Fabricado en China/Made in China. 100% algodón/100% cotton. Fabricado en Vietnam/Made in Vietnam…este tiene un 40% de polyester. Mira atento. Lee con detenimiento que se puede lavar en la lavadora, con agua caliente y que no supere los 30º. Con la plancha ten cuidado, no vaya a ser que la dejes mucho tiempo y quemes la prenda o le dejes algún cerco, para que al final te veas de nuevo en el probador, con otra camisa u otro pantalón.
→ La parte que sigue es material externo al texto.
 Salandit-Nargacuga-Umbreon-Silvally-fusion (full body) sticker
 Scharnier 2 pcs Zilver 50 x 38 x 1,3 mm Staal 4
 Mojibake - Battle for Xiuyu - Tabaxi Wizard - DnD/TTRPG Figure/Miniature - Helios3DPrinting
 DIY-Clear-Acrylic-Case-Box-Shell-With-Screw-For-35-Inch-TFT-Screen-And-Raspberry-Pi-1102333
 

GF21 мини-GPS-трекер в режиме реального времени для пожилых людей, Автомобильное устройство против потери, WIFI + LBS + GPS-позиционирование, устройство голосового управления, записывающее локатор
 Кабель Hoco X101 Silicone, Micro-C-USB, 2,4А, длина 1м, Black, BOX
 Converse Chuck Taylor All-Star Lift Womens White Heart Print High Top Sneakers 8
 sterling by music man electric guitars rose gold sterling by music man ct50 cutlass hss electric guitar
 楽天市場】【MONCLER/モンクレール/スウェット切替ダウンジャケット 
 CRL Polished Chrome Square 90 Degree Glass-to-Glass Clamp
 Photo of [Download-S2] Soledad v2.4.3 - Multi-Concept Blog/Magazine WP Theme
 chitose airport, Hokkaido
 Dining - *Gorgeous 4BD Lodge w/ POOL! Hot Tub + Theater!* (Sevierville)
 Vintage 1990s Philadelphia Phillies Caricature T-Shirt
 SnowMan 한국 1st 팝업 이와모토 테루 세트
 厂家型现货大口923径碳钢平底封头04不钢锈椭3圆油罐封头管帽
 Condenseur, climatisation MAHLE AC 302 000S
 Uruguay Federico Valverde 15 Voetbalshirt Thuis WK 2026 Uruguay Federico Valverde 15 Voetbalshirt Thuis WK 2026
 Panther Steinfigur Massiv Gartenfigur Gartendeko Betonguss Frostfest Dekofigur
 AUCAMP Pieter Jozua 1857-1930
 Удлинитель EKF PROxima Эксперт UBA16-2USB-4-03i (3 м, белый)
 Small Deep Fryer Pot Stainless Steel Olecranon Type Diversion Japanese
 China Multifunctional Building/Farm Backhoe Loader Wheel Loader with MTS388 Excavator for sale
Pero este último es de otro modelo, porque ya lleva unos meses descatalogado.
En la etiqueta, en letras de tamaño de no sé cuantas pulgadas, toda esa información para que el consumidor encuentre protegido sus derechos, y sepa que ese artículo lo puede utilizar sin menoscabo de sufrir un disgusto, porque no vaya a ser que las prendas en cuestión hayan encogido su tamaño y queden al final para vestir a una banda de pitufos. Sigo leyendo la etiqueta. Letras negras sobre blanco. O lo peor, palabras en blanco sobre un trasfondo pintado de negro. Me recompongo las gafas sobre la nariz. A mis cincuenta años la vista está cansada y, ahora, me ha dicho el oftalmólogo, al que alguna vez llamé mi oculista, que ese cansancio se ha encontrado con unas cataratas que apenas me dejan ver, porque para mirar no me dejaron aquellas lágrimas que ya cayeron y que nadie jamás habían visto.
He llegado a casa. La jornada ha terminado. Hay que quitarse el disfraz de proletario, obrero, oficinista, o pequeño burgués de una sociedad sin clases, pero en la que vivimos clasificados. Voy quitándome la ropa. El jersey, la camisa y una camiseta interior. El frío hace estragos estos días y hay que evitar que el cuerpo pierda su propio calor. Los pantalones cuelgan ya sobre el galán de noche, porque de día, de día pierde su galantería. De nuevo sigo mirando las etiquetas de todas las prendas. Creo que sufro los efectos del jet lag, que nos dejan a todos con esa cara de no estar en este mundo, de seguir en el aire volando, sin paracaídas que nos ayude a descender a la realidad.
No existe sarcasmo en estas letras. Ninguna de ellas se adornan de ironía. Porque con la esclavitud no se ironiza ni se juega al sarcasmo cuando pienso a lo largo del día que, en este planeta, existen seres humanos con los ojos rasgados o la piel tintada de otro color, que sentados detrás de una máquina de coser de los años pum catapum chimpum, bajo las aspas de los ventiladores que cuelgan de los techos como helicópteros que recuerdan a que el Tio Sam todavía sobrevuelan sobre ellos y, con un 100% de humedad en el ambiente, se encuentran en eso que aquí llamamos trabajando, porque no das pudor llamarlos que son unos esclavos. Y todo, por proteger los falsos derechos de los consumidores de este mundo occidental, a los que nos resultan indiferentes los derechos de ese otro mundo al que miramos con recelo, porque es un problema que ni de cerca a cada uno de nosotros nos parece que debe tocar.
Por cierto, me acabo de poner el pijama y, antes de entrar en la cama, he mirado la etiqueta. 100% algodón/100% cotton. Al final he terminado aprendiendo inglés y antes de cerrar los ojos me sentiré que no soy responsable de lo que ocurre en el mundo. O sí.